EXERCISE REQUIREMENTS. Please leave out pictures and print exactly the lines from the one that has "Vector eps concept" through the last line of the material below.

INFORMATION SHOWN.
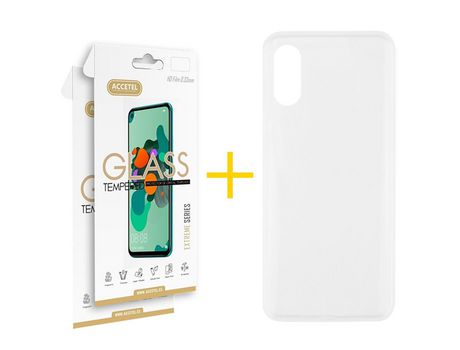Pack 2 X Protector de Vidrio Templado 2.5D + Funda ACCETEL para iPhone XS Max Silicona Liso Transparente Clear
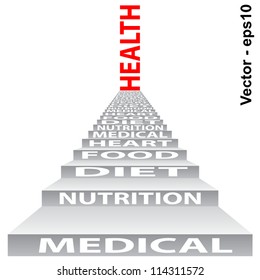 Vector eps concept or conceptual 3D stair or steps isolated on white background as a metaphor for health, nutrition,diet,wellness,body or energy. Also good for medical,sport,heart or science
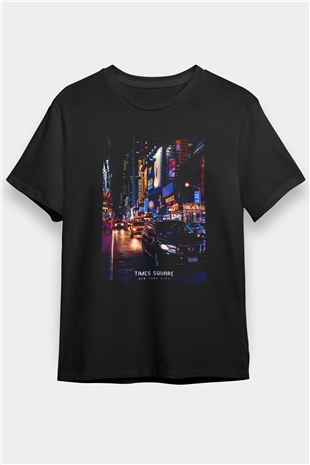 Times Square Siyah Unisex Tişört T-Shirt - TişörtFabrikası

WRITTEN REPLY.
 Vector eps concept or conceptual 3D stair or steps isolated on white background as a metaphor for health, nutrition,diet,wellness,body or energy. Also good for medical,sport,heart or science
 Times Square Siyah Unisex Tişört T-Shirt - TişörtFabrikası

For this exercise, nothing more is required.